A. Pengertian Pendidikan Anak
Pendidikan berasal dari kata didik yang artinya ”Memelihara, memberi latihan, dan pimpinan, kemudian kata didik itu mendapat awalan pe- akhiran- an sehingga menjadi pendidikan yang artinya perbuatan mendidik.”[1] Syaiful Djamarah dalam bukunya “Pola Komunikasi Orang Tua dan Anak Dalam Keluarga” mengemukakan bahwa ”Pendidikan ialah usaha-usaha untuk membina eksklusif muslim yang terdapat pada pengembangan dari segi spiritual, jasmani, emosi, intelektual dan sosial.”[2]

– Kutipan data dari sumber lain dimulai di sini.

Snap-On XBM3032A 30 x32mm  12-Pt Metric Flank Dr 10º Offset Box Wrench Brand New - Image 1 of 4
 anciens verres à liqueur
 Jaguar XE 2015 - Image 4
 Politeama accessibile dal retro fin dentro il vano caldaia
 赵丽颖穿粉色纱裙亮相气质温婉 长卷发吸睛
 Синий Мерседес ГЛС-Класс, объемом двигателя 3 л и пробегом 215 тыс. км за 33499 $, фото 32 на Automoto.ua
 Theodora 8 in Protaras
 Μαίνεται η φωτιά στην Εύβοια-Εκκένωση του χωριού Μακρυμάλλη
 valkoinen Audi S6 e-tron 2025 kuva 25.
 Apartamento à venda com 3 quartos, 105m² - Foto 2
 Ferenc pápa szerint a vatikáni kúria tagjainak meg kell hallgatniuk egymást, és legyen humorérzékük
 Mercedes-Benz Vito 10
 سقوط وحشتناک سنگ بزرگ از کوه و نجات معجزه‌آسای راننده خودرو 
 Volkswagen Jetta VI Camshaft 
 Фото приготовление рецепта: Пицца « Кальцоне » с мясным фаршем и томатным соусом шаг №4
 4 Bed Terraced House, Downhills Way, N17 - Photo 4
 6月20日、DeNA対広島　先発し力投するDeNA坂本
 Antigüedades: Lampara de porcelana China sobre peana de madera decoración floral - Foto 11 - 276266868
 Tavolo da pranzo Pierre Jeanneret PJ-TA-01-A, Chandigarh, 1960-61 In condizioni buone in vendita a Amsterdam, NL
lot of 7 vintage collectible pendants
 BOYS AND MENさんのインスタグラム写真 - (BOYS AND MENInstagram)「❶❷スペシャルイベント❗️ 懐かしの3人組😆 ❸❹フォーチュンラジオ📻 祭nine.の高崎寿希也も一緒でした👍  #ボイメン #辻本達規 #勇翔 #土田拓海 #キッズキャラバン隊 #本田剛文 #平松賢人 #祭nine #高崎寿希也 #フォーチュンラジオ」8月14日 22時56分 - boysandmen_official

Tarbiyah/pendidikan Islam berdasarkan Prof. Dr. Omar Muhammad Al Toumy Al-Syaibany, diartikan sebagai “usaha mengubah tingkah laris individu dalam kehidupan pribadinya, kehidupan kemasyarakatannya dan kehidupan dalam alam sekitarnya dengan dilandasi oleh nilai-nilai Islam”[3]. Dari ungkapan tersebut terang bahwa pendidikan merupakan rangkaian perjuangan membimbing, mengarahkan potensi hidup insan yang berupa kemampuan-kemampuan dasar dan kemampuan belajar, sehingga terjadi perubahan di dalam kehidupan pribadinya, sebagai makhluk individu dan sosial serta dalam hubungannya dengan alam sekitar, yang kesemuanya mengacu kepada nilai-nilai Islam.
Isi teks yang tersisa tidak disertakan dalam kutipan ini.